Mandala(マンダラ)とは、サンスクリット語で<真髄・本質を得る>こと、すなわち仏の最高の悟りの本質を得ることを意味します。そして、密教が説く抽象的な観念を心に思い描くために、それを視覚的に表したマンダラ(=曼荼羅)が作られるようになりました。インドでの曼荼羅は、立体の壇に仏像を安置したり描いたりするもので、修法が終わると壊していましたが、中国や日本では絹や紙に描いた絵画が主流となり、密教の根本原理を図解する両界(りょうがい)曼荼羅をはじめ、さまざまな修法に合わせて個別の仏の世界を描いた別尊(べっそん)曼荼羅が制作されました。
中国から仏教を学んだ日本で、曼荼羅の語は<仏の信仰世界を示す絵画>の意味をさらに広げてゆきます。諸尊の関係性を幾何学的に構成した密教の曼荼羅にはじまり、ほとけが住む浄土の様子を描いた浄土図は浄土曼荼羅、また神仏習合の思想に基づいて表された礼拝画は垂迹(すいじゃく)曼荼羅とよばれています。
「曼荼羅展-宇宙は神仏で充満する!」では、根津美術館が所蔵する日本の仏画コレクションより選りすぐった、密教曼荼羅や尊像画、浄土曼荼羅、垂迹曼荼羅の優品約40件(うち重要文化財7件、重要美術品5件)を展示いたします。
「大日如来像」(重要文化財 平安時代 12世紀)と「愛染曼荼羅」(重要文化財 鎌倉時代 13世紀)は、近年行われた本格的修理後、初めての公開となります。また、この機会に館蔵の密教絵画を網羅した刊行物を出版いたします。

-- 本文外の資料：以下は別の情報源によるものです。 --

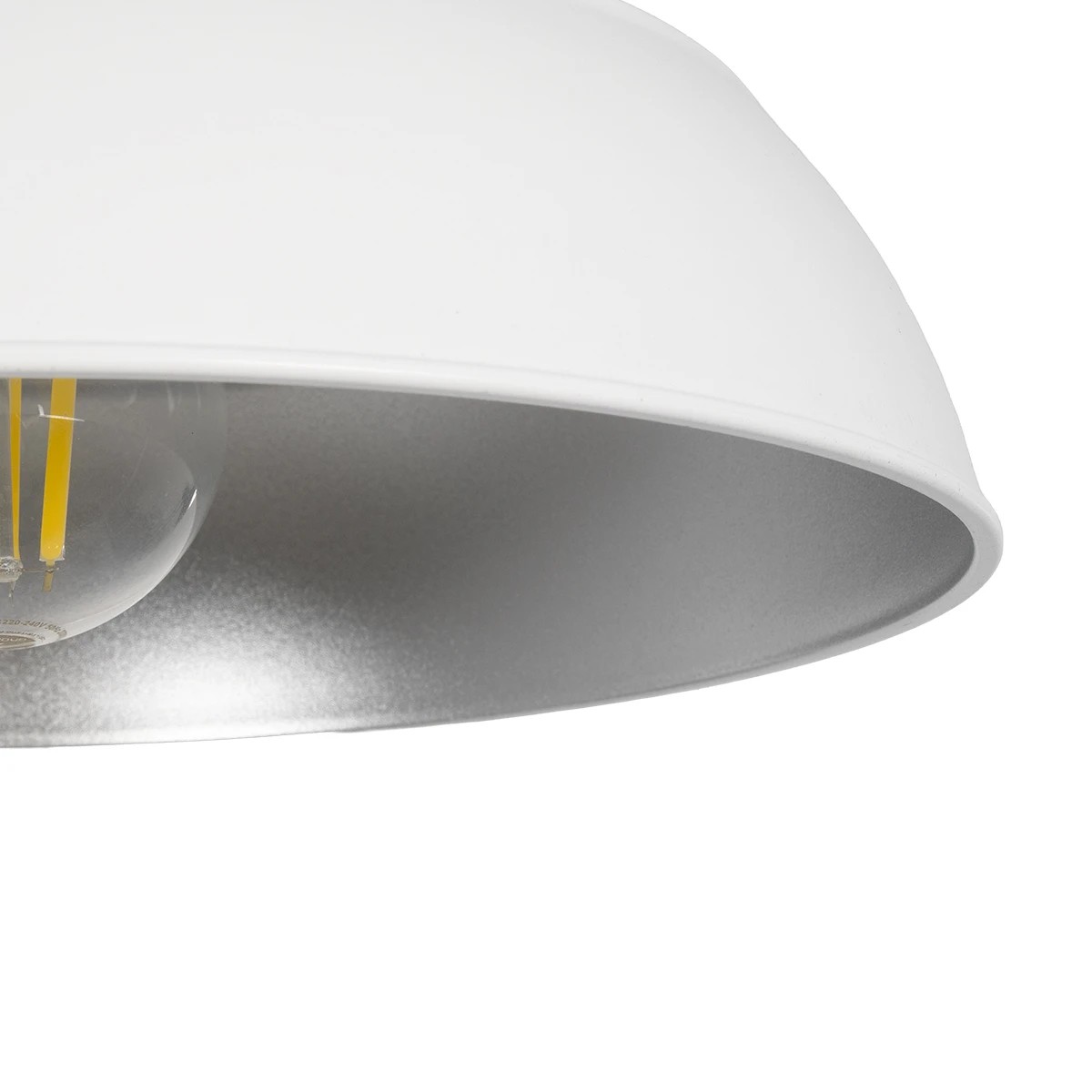 LEDTM® LOAN 203-0284 Μοντέρνο Κρεμαστό Φωτιστικό Οροφής με Ντουί 1 x E27 AC 220-240V IP20 - Λευκό & Ασημί - Μ25.5 x Π25.5 x Υ17cm - Image 8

金剛界八十一尊曼荼羅、兜率天曼荼羅、春日宮曼荼羅など当館が誇る曼荼羅の名品から、聖観音、如意輪観音、不動明王の尊像画まで、崇高で力強い仏画の世界をお楽しみください。
◇ 講演会2 「曼荼羅のこころとかたち-装飾文様に込められた意味-」
日時 8月24日(土)14:00-15:30
講師 中村幸真氏 種智院大学 教授
◇ 講演会3 「日本の曼荼羅-仏と神が織り成す宇宙-」
日時 8月31日(土)14:00-15:30
講師 白原由起子 根津美術館 学芸部課長
※会場はいずれも根津美術館 講堂 定員140名
<申し込み方法>
往復はがきに参加を希望される講演会名(「講演会2」または「講演会3」)と住所・氏名(返信面にも)・電話番号を明記の上、〒107-0062 東京都港区南青山6-5-1 根津美術館「曼荼羅展」講演会係 宛にお申込みください。
講演会2は8月10日(土)、講演会3は8月17日(土)締切(当日消印有効)
※参加希望者1名につき1枚の往復はがきでお申し込みください。
◇ 「曼荼羅展」ギャラリートーク
日時 8月2日(金)、8月23日(金)いずれも午後1時30分より約60分間
※午後1時よりホールにて整理券を配布します。
※当日先着30名様に限らせていただきます。
講演会、ギャラリートークとも参加は無料ですが、入館料をお支払いください。